For your practice expedition on the silver award you have you complete one overnight and two day hikes, so we did our practice with the Bronze awards on their final. It wasn't a particularly nice day, but we motivated ourselves with songs and jokes. We noticed throughout the day that we were getting further and further behind our schedule, in spite of keeping up pace and cutting out unnecessary breaks. We were exhausting ourselves and it was beginning to rain. We furthered our depleted energy levels with goofy nicknames- the most popular and longest reigning being 'bum'ole'. By the time we got to the camp site the air was feeling miserable and we were getting rained on. Our tent went up in the drizzling English reliable' and we settled down to cook... well, Sam settled down to cook. He was perfectly happy for us to sit in the tent and eat marshmallow fluff, so that's exactly what we did. Later he and his guitar joined us and we had a soggy jamming session with fluff and Ben's legend. Jamaican ginger cake and custard comforted us for desert and we snuggled down to bed. The main reason I decided to finally write this blog post was actually due to another post I wrote where I described my PTSD-like symptoms I get when in the rain these days (which is often as I live in England). If I'm out in the open - walking down a street, between buses or in the middle of a field - and it begins to rain, I can often have a dizzying experience, including racing heart, flash backs and accelerated breathing.
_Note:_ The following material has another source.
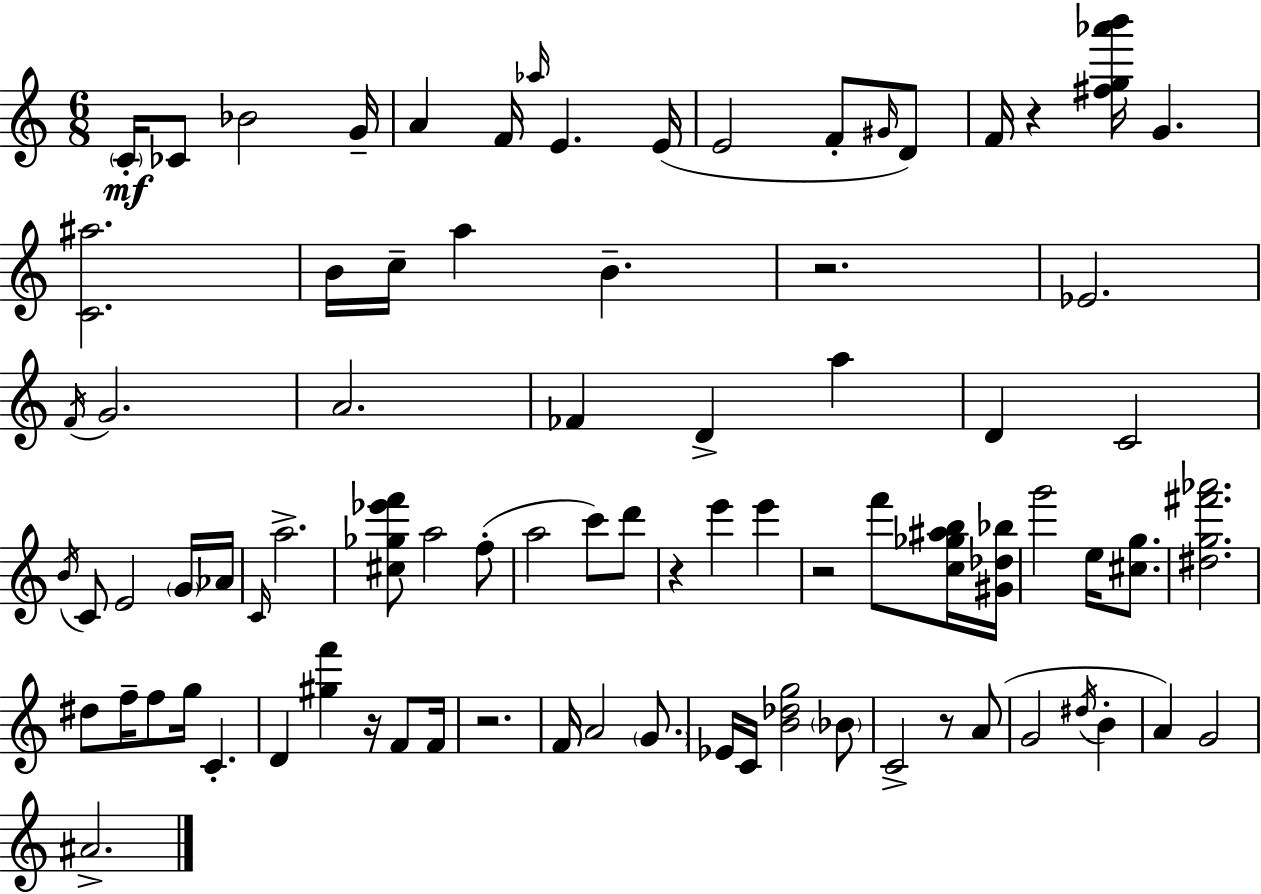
C4/s CES4/e Bb4/h G4/s A4/q F4/s Ab5/s E4/q. E4/s E4/h F4/e G#4/s D4/e F4/s R/q [F#5,G5,Ab6,B6]/s G4/q. [C4,A#5]/h. B4/s C5/s A5/q B4/q. R/h. Eb4/h. F4/s G4/h. A4/h. FES4/q D4/q A5/q D4/q C4/h B4/s C4/e E4/h G4/s Ab4/s C4/s A5/h. [C#5,Gb5,Eb6,F6]/e A5/h F5/e A5/h C6/e D6/e R/q E6/q E6/q R/h F6/e [C5,Gb5,A#5,B5]/s [G#4,Db5,Bb5]/s G6/h E5/s [C#5,G5]/e. [D#5,G5,F#6,Ab6]/h. D#5/e F5/s F5/e G5/s C4/q. D4/q [G#5,F6]/q R/s F4/e F4/s R/h. F4/s A4/h G4/e. Eb4/s C4/s [B4,Db5,G5]/h Bb4/e C4/h R/e A4/e G4/h D#5/s B4/q A4/q G4/h A#4/h.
These symptoms have dramatically calmed since October 2010, but when I first noticed them, they could be set off by something as simple as hearing the weather-lady mention 'light drizzle'. You see those were the words our teacher used when we asked if the rain we woke up to would continue. "Oh no," she had said, "the weather reports are for 'light drizzle' but it'll stay cloudy all day."
We should have known not to trust her.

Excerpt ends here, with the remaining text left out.